Project 2 – Divide & Conquer, Greedy

Basic Options (For self practice and code review)

  • Quick select, probabilistic
    See book, Section 4.6.  Try with different settings of probability – 0.5, 0.2, 0.8 etc.

Project 2 Options (Choose the option that matches the last digit of GWID) 

Option 0: Quick select, deterministic (median of medians method)
See textbook, Section 4.6

Option 1: Closest pair of points
See textbook, Section 4.7

Option 2,3: Staircase / Pareto-optimal Points
See textbook, Section 4.11, Exercise #12

Option 4,5: Convex hull
We are given a set P of n points in a two-dimensional plan, and we want to compute the convex hull of P. The convex hull is defined as the smallest convex polygon containing the points. (A way to visualize a convex hull is to imagine nails on all the points of the plane and put an elastic band around the points – the shape of the elastic band is the convex hull.) Describe an O(n log n) time divide and conquer algorithm to find the convex hull of the set P of n points.

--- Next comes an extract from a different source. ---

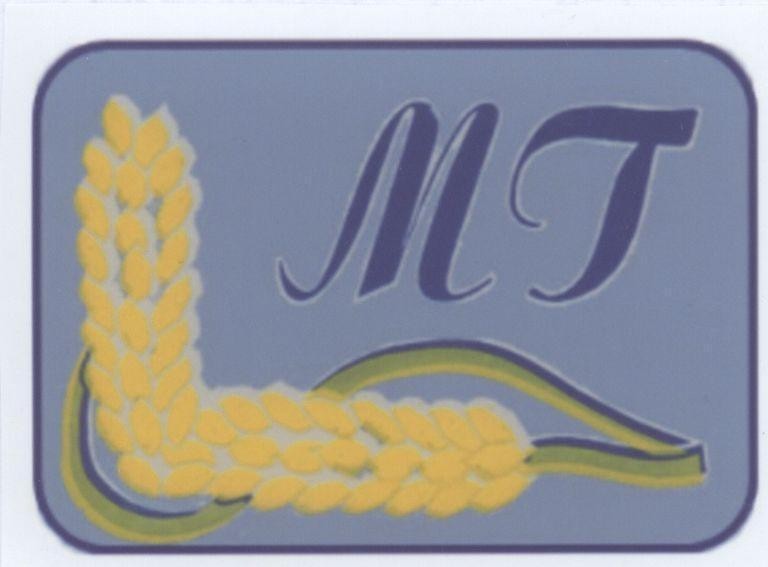 Mẫu nhãn hiệu L MT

Option 6: Finding Max Number in Circular Shifted Array
We are given an array A[1..n] of sorted integers that has been circularly shifted
some positions to the right. For example, [35, 42, 5, 15, 27, 29] is a sorted array that has been
circularly shifted 2 positions, while [27, 29, 35, 42, 5, 15] has been shifted 4 positions.
We can obviously find the largest element in A in O(n) time. Describe an O(log n) algorithm.

Option 7: Kruskal’s Algorithm for Minimum Spanning Tree
See textbook, Section 5.5

Option 8: Merging Sorted Lists
See textbook, Section 5.3
You are given an array a[] of numbers, where a[i] is the size of the i-th list to merge.  You have to produce the sequence in which to merge the lists, and the total cost of merging all the lists.  Implementation Notes: Use a heap data structure.  (You don’t have to implement your own heal structure, you can simply use the inbuilt one in Java/C#.)

Option 9: Hoffman Coding
Given a set of symbols and their frequency of usage, find a binary code for each symbol, such that:
a. Binary code for any symbol is not the prefix of the binary code of another symbol.
b. The weighted length of codes for all the symbols (weighted by the usage frequency) is minimized.